Credit cards must be paid off. When you spend on them, this is your budget being spent – just not always in the ‘right’ order. Think of credit cards like a bungee rope. You can extend beyond your current checking account for emergency spending – like booking a hotel room when the house floods – but that cost will still need to be paid from the next several paychecks.
The credit card makes sure you can pay for emergencies when you don’t have the savings ready. But then paying that emergency expense soaks up any extra funds until the cost is covered. Think of credit like a bungee cord, it can stretch out your spending ability in a pinch, but it always comes back.
Myth #5: Credit Cards Should Be Avoided, They Put You In Debt
The opposite opinion is also commonly shared by well-meaning relatives and community elders. Credit cards do create a type of debt, but used properly they are a rolling non-harmful debt. Credit cards often come with perks and rewards for using them like cashback (which effectively lowers the price of everything) and partnership discounts on certain types of spending like groceries or entertainment.
Paying in cash is no longer always the best approach. The economy adapts as time passes. Now, there are often partnered deals with specific credit card providers or deals offered when taking a loan with a specific lender.
One common and safe method of credit card use is to buy your groceries on a card with rewards, then pay off that grocery budget within the same month. As long as you maintain a balanced monthly budget, you can effectively use a credit card, gain the rewards, and completely avoid debt.
Credit cards are sometimes the best way to buy things online, and you can often use a credit card to make big purchases like vacation travel, then balance the cost from your savings. This keeps your finances tidy and provides you the identity and charge protections offered by the credit card companies.

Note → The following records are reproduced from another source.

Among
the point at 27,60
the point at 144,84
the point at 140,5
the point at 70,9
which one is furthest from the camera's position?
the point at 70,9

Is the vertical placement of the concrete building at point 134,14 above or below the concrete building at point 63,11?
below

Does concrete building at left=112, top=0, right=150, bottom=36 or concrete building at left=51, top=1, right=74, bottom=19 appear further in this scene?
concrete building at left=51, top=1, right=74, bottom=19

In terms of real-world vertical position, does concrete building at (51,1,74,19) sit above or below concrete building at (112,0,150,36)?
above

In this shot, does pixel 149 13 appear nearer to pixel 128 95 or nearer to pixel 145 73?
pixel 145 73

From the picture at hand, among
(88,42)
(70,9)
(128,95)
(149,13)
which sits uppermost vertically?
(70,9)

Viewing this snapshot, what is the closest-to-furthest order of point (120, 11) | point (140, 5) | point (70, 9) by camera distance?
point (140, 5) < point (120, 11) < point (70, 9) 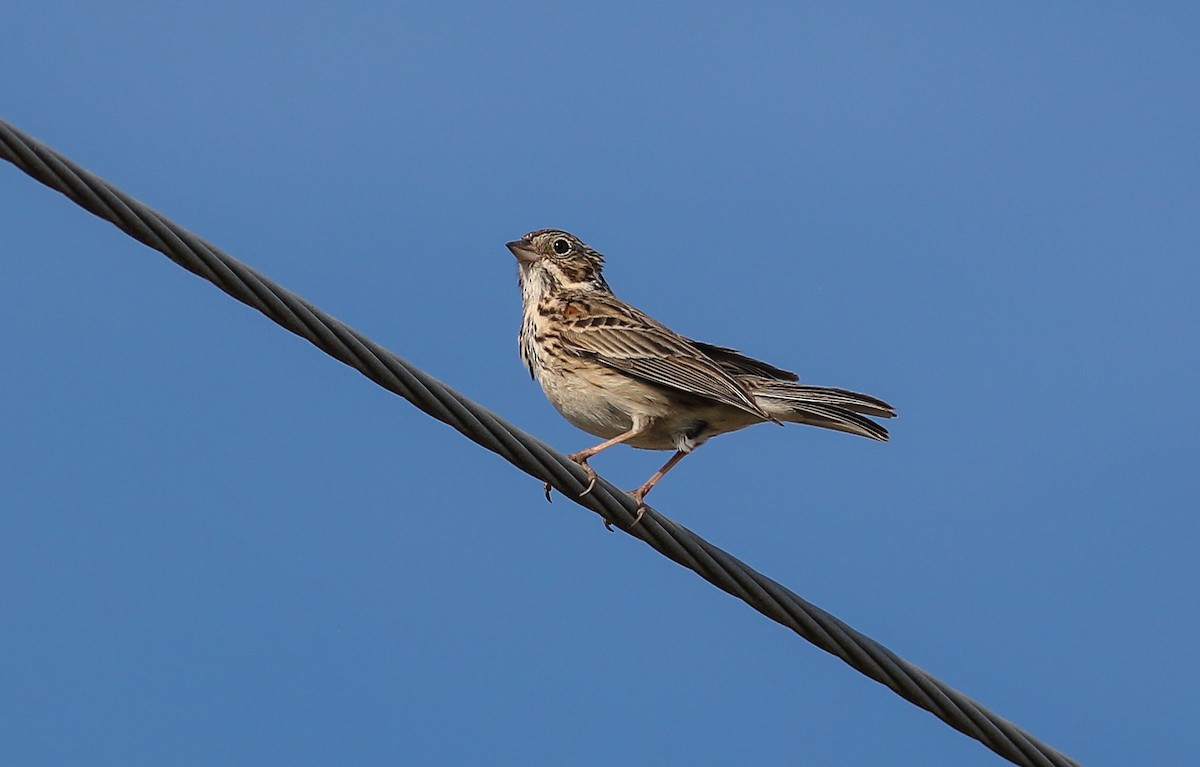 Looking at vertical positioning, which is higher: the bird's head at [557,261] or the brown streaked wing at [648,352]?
the bird's head at [557,261]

Myth #6: You Have to be Rich to Invest
There is a common misconception that only the rich have the money to invest, and to make money off their investments. This actually isn’t true at all. Small investments made early have a good potential for generating income in the future. There are also several ways to save money in an investment-backed fund that generates something called ‘compound interest’.
Compound interest generates a small amount of money – based on how much you have in the account. When money is added due to interest, the next interest generated is based on that slightly larger amount. Over time, even a small savings in a compound-interest account can become a real source of income later in your life. Especially if you start young and let that account build up.
Whether you build a small stock portfolio from affordable stocks or start an investment-backed savings account, you don’t have to be rich to start benefiting from investments.
Myth #7: Never Take Debt to Save Money
The financial world is complex. The relationship between debt and savings isn’t always clear-cut. Sometimes, taking or holding debt to save money is the right decision. For example, buying a home and paying the mortgage at-pace while building a savings account instead of trying to pay the house off with every scrap of spare money you earn. The first option creates a stable and financially sound lifestyle while the second may not be available depending on your lender terms.
You might get a better deal on a car with a loan than buying in cash. You can also take on a large student or medical debt to pay off slowly while the rest of your budget is focused on building a higher-earning lifestyle and career.
Saving money means making smart decisions about how you spend and always putting some money aside so your savings grows every month. While there are many money-saving myths floating around, the truth is also easy to find when you consult with experienced financial professionals.